> **TO DO**: Copy out all of the data word for word. Omit every picture.

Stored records
*** Begin section ***

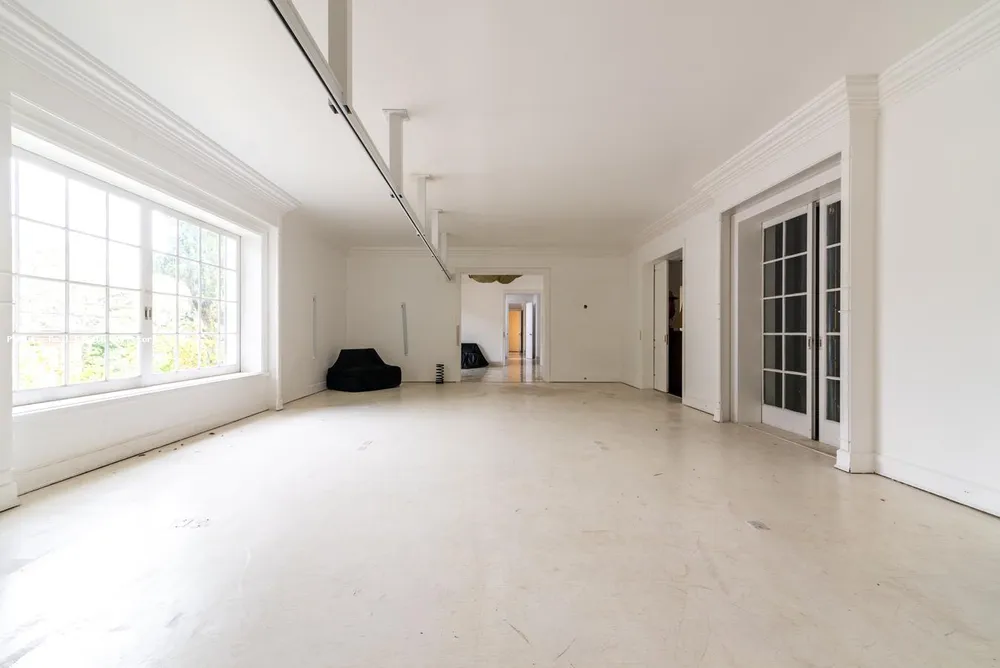 Casa, 5 quartos, 1379 m² - Foto 4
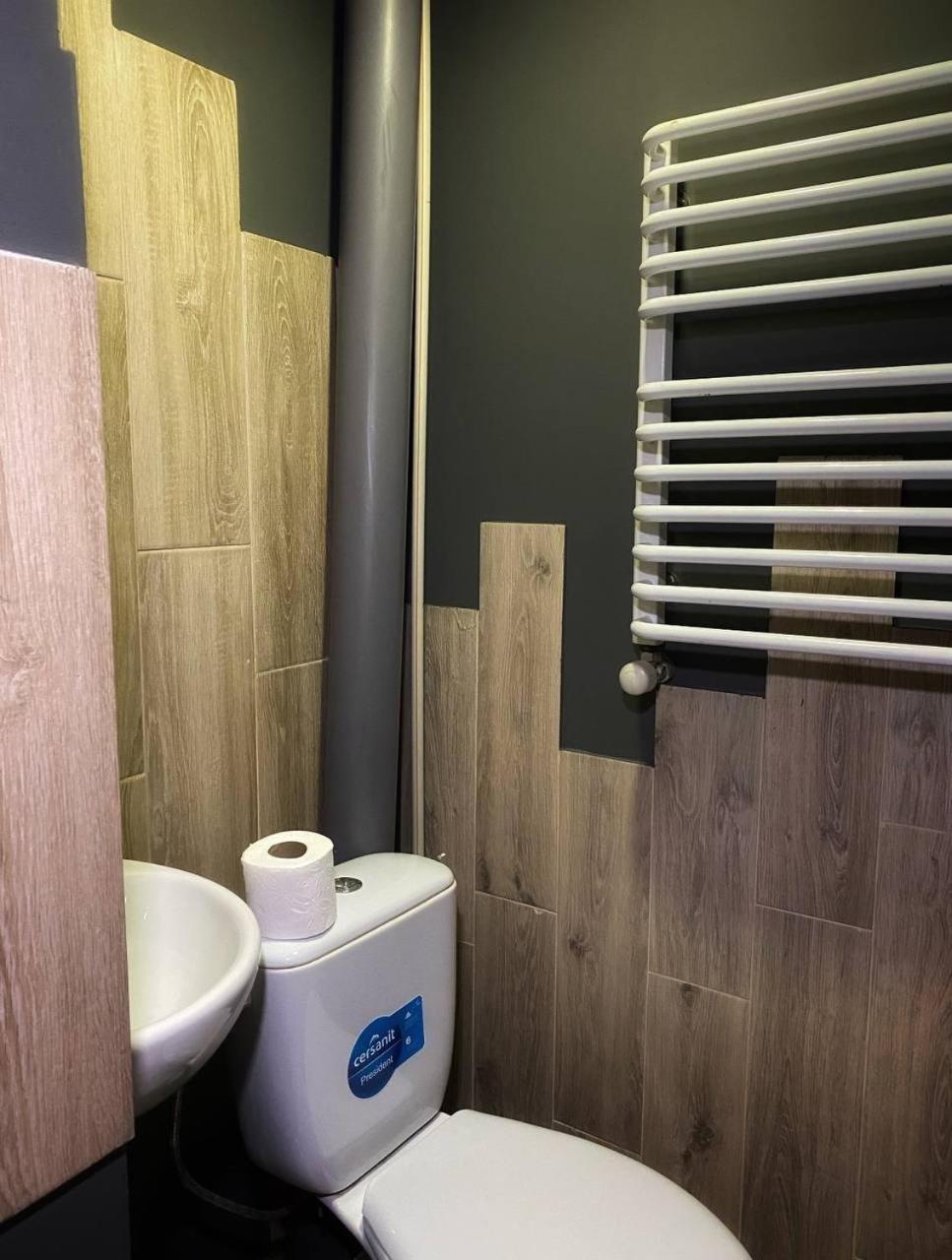 Mishelter Villa เมยโฮโว ภายนอก รูปภาพ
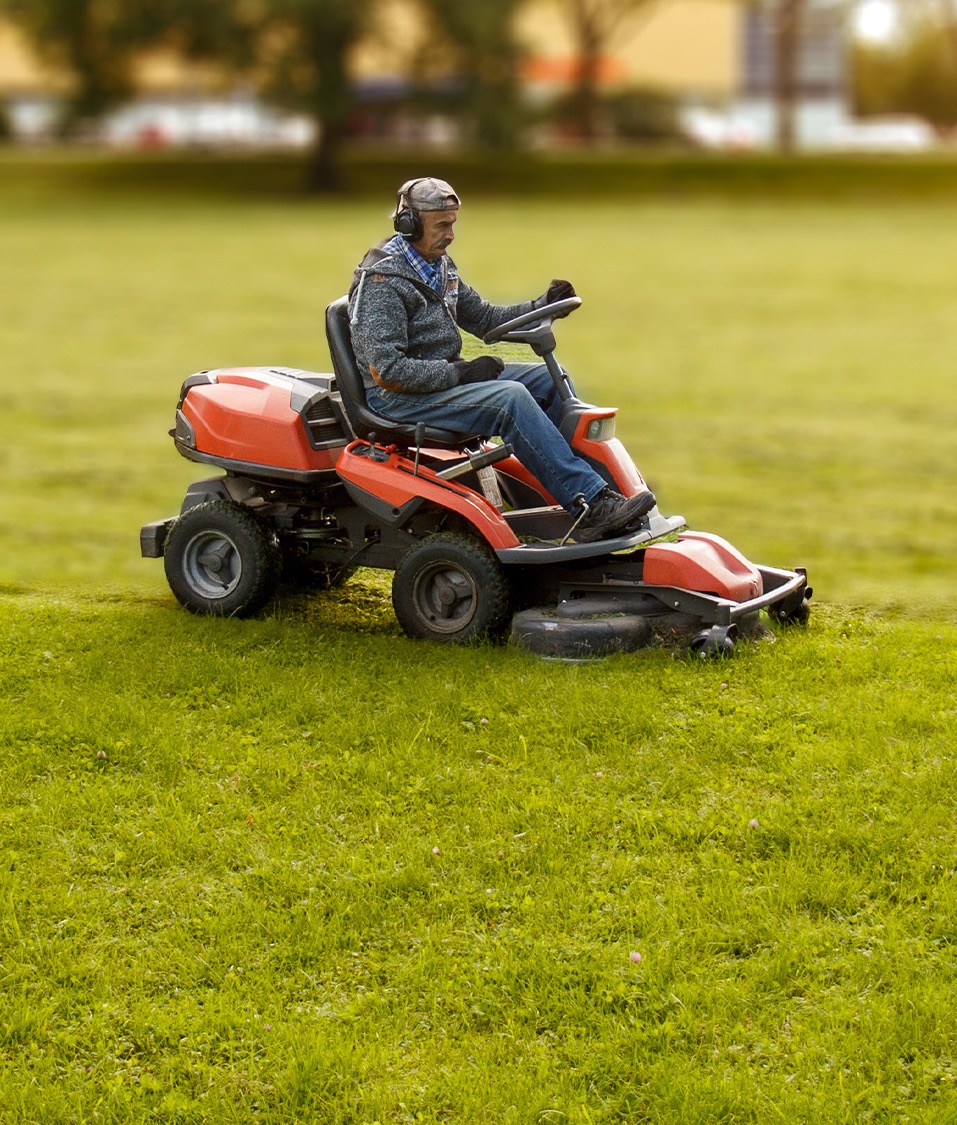 tweetsforpride's tweet image. Are you a #militaryveteran or person with a #disability in search of employment? We’re hiring for grounds maintenance roles throughout California!
🌱 Join our team: loom.ly/RAIqQmU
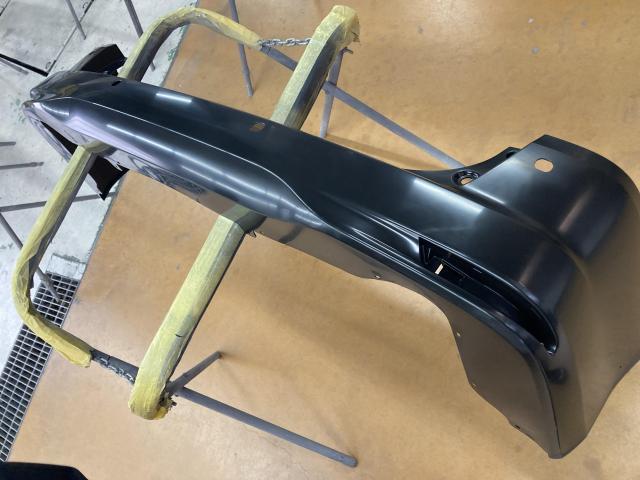 リヤ廻り修理　セレナ　ＤＡＡ－ＨＦＣ２６　Ｈ２５年式　ご新規様　初来店　大阪市　車検　修理　鈑金　塗装　事故修理　パーツ持込取付　西成区　阿倍野区　住吉区　住之江区　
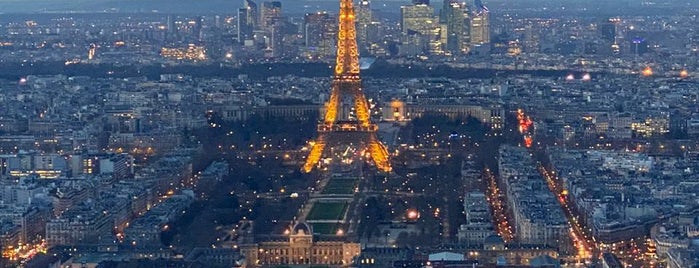 Observatoire Panoramique de la Tour Montparnasse is one of Tempat yang Disukai Heinie Brian.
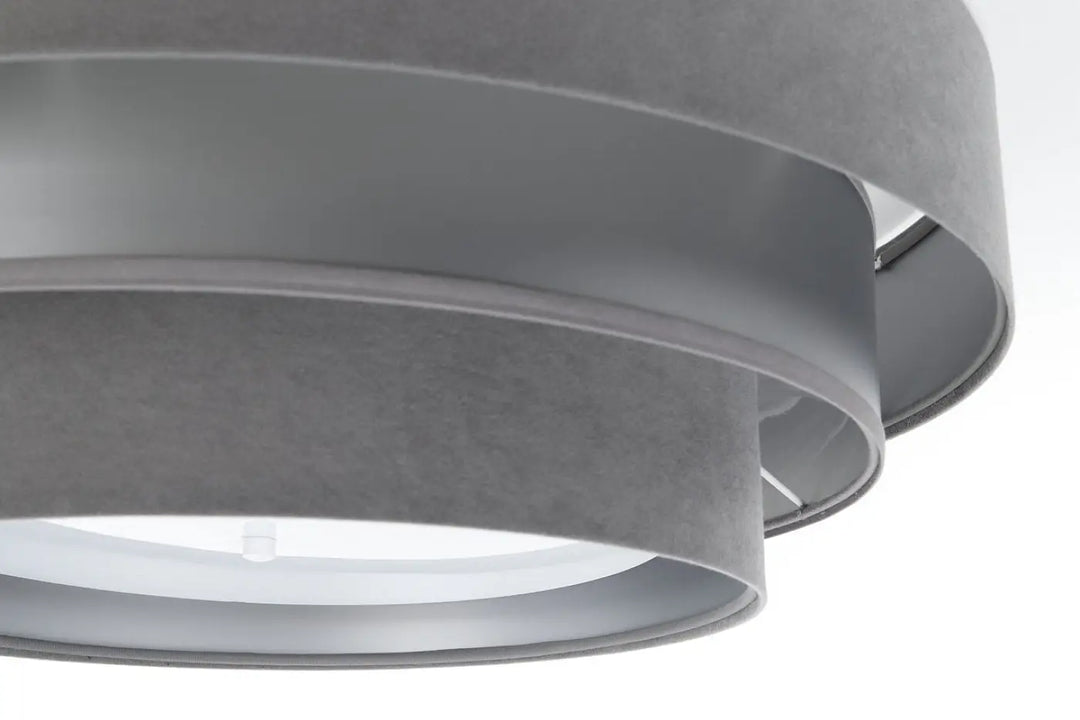 Luminaire plafonnier gris en velours avec anneaux circulaires concentriques pour une élégance triniti argent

*** End section ***

> **RESPONSE TO THIS TASK**:
 Casa, 5 quartos, 1379 m² - Foto 4
 Mishelter Villa เมยโฮโว ภายนอก รูปภาพ
 tweetsforpride's tweet image. Are you a #militaryveteran or person with a #disability in search of employment? We’re hiring for grounds maintenance roles throughout California!
🌱 Join our team: loom.ly/RAIqQmU
 リヤ廻り修理　セレナ　ＤＡＡ－ＨＦＣ２６　Ｈ２５年式　ご新規様　初来店　大阪市　車検　修理　鈑金　塗装　事故修理　パーツ持込取付　西成区　阿倍野区　住吉区　住之江区　
 Observatoire Panoramique de la Tour Montparnasse is one of Tempat yang Disukai Heinie Brian.
 Luminaire plafonnier gris en velours avec anneaux circulaires concentriques pour une élégance triniti argent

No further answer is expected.